• _Dataset excerpts_:
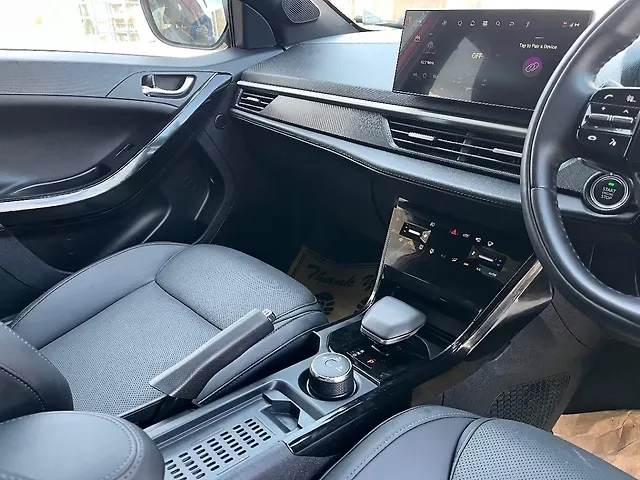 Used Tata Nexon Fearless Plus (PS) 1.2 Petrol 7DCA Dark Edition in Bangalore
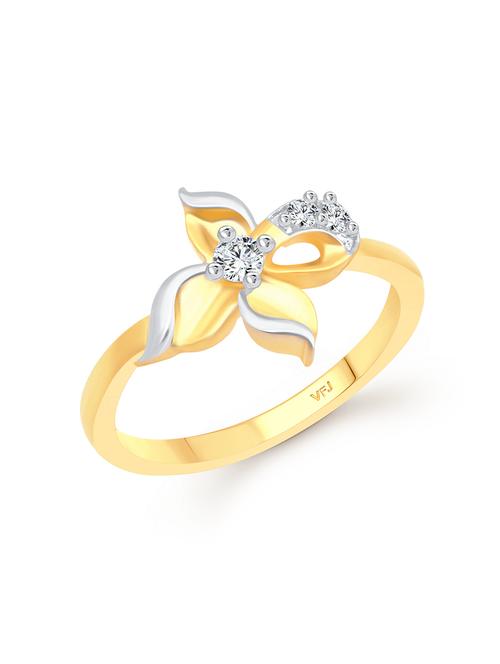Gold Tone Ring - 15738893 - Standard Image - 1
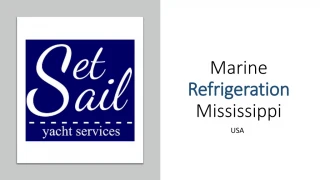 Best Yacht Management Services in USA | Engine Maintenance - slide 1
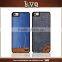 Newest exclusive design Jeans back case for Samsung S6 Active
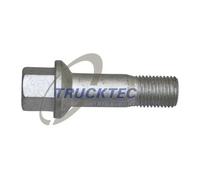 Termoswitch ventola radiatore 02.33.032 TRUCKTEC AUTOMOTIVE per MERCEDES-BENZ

• _The problem_:
Write the lines from the one with "Best Yacht Management" through the last line of the entries out again exactly, both ends included, and skip the pictures.

• _Task result_:
 Best Yacht Management Services in USA | Engine Maintenance - slide 1
 Newest exclusive design Jeans back case for Samsung S6 Active
 Termoswitch ventola radiatore 02.33.032 TRUCKTEC AUTOMOTIVE per MERCEDES-BENZ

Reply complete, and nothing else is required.